— Сущую правду сказала! — ответила женщина. — Чемпион...
— Да не то! — закричал мужчина. — Как племянника-то зовут?
— Обыкновенно зовут — Леонидом, — неторопливо ответила женщина.
— А фамилия? Фамилия?!
— А фамилия его — Кочетов!
Пожилой мужчина вдруг замолчал. Очевидно, забыв, что в вагоне. курить нельзя, он зажег трубку и сразу окутался клубами дыма. Так, молча, он простоял с минуту, в упор разглядывая женщину. Потом, слегка прихрамывая, быстро вышел из купе.
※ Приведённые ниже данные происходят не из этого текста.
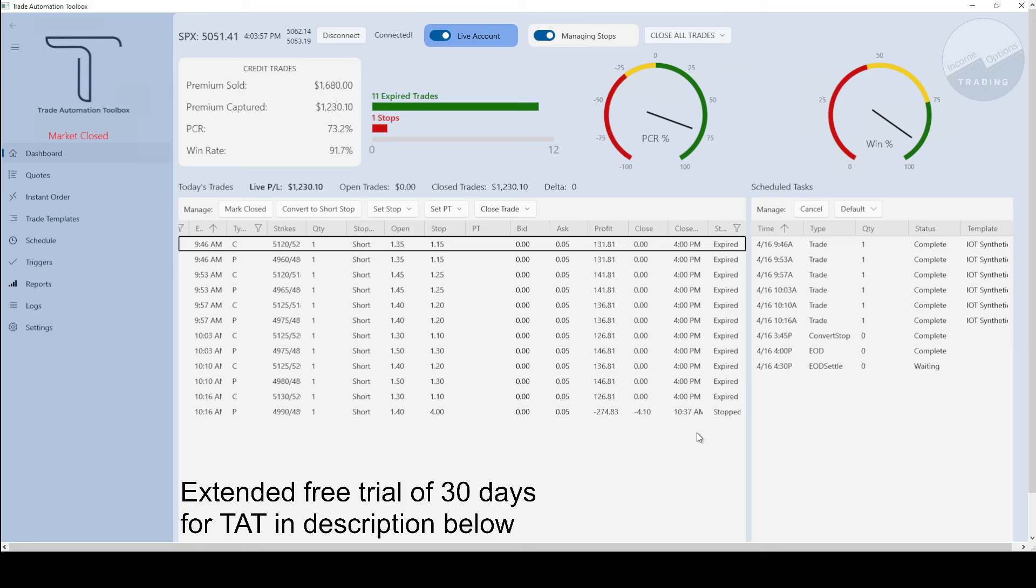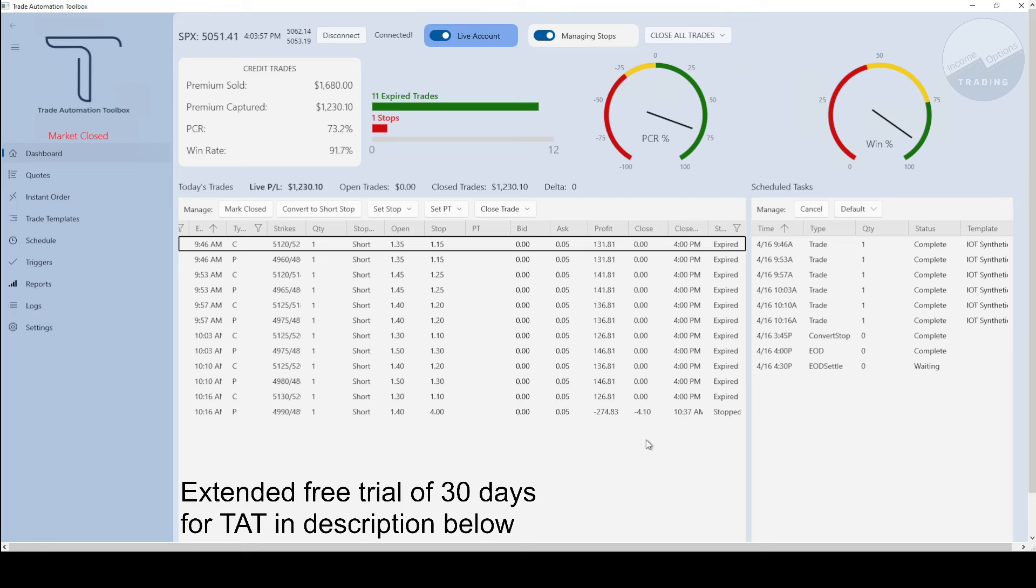Only had one stop out at 10:37 a.m. Eastern, so overall pretty good day even though J Powell tried to take us down in the afternoon. Market didn't really care what he had to say, even though he said FOMC didn't really like how the inflation numbers came out. So we'll see what they do with interest rates this year, but market didn't really care today.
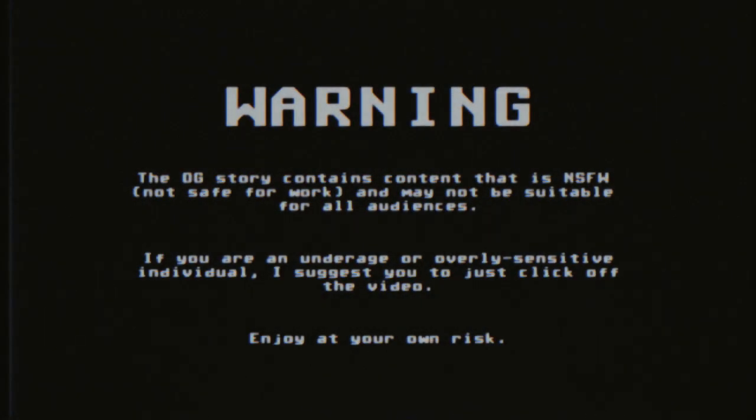The original story contains content that is not safe for work and may not be suitable for all audiences. If you are underage or overly sensitive, I suggest you just click off the video. Enjoy at your own risk.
— Чудной какой-то! — сказал солдат.
А пожилой мужчина — Иван Сергеевич Галузин — стоял в это время в тамбуре, сопел трубкой и улыбался.
«Значит, с тетушкой Леонида нежданно-негаданно встретился! Здорово! — думал он. — Как же я ее сразу не узнал? А впрочем, не мудрено — сильно она состарилась, да и виделись-то мы один раз.
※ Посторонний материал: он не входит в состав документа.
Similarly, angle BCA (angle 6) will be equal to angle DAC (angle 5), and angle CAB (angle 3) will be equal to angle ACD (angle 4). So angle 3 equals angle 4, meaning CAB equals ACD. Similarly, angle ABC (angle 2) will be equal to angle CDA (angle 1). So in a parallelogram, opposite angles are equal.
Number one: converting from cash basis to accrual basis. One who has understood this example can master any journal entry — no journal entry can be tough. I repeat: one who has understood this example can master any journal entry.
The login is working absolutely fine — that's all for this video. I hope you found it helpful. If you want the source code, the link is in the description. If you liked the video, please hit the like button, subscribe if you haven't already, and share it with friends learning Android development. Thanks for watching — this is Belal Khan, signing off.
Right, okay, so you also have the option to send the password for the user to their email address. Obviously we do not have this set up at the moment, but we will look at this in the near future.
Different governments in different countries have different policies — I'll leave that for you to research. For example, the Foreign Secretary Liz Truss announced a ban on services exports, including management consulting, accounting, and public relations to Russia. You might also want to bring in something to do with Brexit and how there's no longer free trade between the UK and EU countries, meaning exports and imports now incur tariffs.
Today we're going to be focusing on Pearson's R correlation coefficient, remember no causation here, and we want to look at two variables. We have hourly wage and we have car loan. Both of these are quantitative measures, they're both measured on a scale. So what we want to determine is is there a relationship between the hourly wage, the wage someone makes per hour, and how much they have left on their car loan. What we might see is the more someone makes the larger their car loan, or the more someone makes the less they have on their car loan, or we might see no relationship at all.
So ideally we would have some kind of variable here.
Однако куда она едет? И знает ли, что племянник — инвалид? Возможно, Леонид скрыл от нее свое увечье?»
Трубка его снова засопела.
Иван Сергеевич простоял в тамбуре еще несколько минут и наконец выработал план действий. Тут требуется дипломатия! Прежде всего надо узнать, куда она едет и известно ли ей о ранении племянника. А там видно будет.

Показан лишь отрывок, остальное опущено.